In our recent webcast on HA & DR basics for DBAs, we got a bunch of questions that couldn’t be answered fast enough. Here you go:
Q: Do you have book recommendations for replication, mirroring, and the other topics?
Absolutely. Check out the resources on our HA & DR Basics video page.
Q: Do any of these techniques work for companies with just 1-2 IT staff?
To keep things simple, I’d check out virtualization replication like VMware SRM. SRM isn’t necessarily easy, but if you use that one technique, you can protect all of your virtual machines no matter what they’re running. That’s easier than learning different HA/DR techniques for a lot of different applications.
Q: For 1,000 databases on an instance, what uses more resources – mirroring or log shipping?
Technically, the answer is going to be log shipping because you’re probably already doing transaction log backups on those databases anyway. However, when you’re running thousands of databases per instance, several other interesting issues arise. How do you react to newly added databases? Can you back up all 1,000 in a timely manner, or do you need to roll your own transaction log backup jobs to run simultaneously? What’s your RPO/RTO? There’s a lot of neat questions that determine the real answer at this scale. Feel free to contact us for consulting help – we’ve got clients who run as many as 10,000 databases per instance, and we can help you learn lessons the easy way instead of the hard way.
Q: What happens if my DR is in a different datacenter, on another domain?

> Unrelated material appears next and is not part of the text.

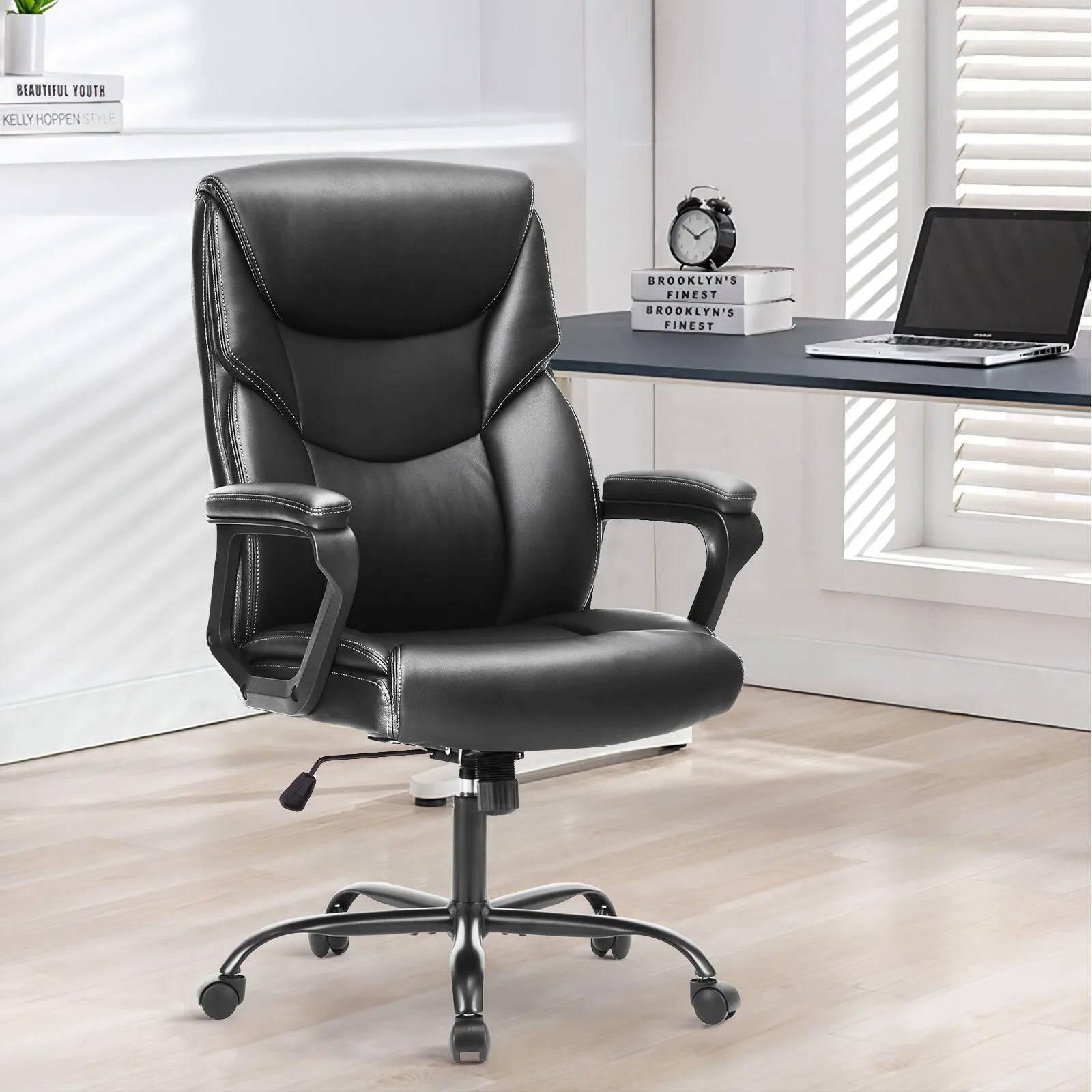 JHK Adjustable Ergonomic PU Leather Swivel Gaming Chair with Lumbar Support and Padded Armrests - Platinum-Level Office Chairs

Your life is harder. Many built-in solutions become more challenging, and even just getting your users to be able to connect to the database become more challenging. This is a scenario where I like to step back and ask, “What problem are we trying to solve by using different domains?”
Q: Do my HA and DR servers have to be on the same subnet or VLAN?
No, all of SQL Server’s HA/DR features work on different subnets and VLANs.
Q: Do you have to kill all SQL Server connections before restoring a database?
Yes. Restoring a database – even a similar copy – means starting over with all-new data. Restoring transaction logs means SQL Server will be jumping around all over inside the database, and it doesn’t have time to deal with your queries.
Q: Does clustering work for SSAS, SSIS, and SSRS?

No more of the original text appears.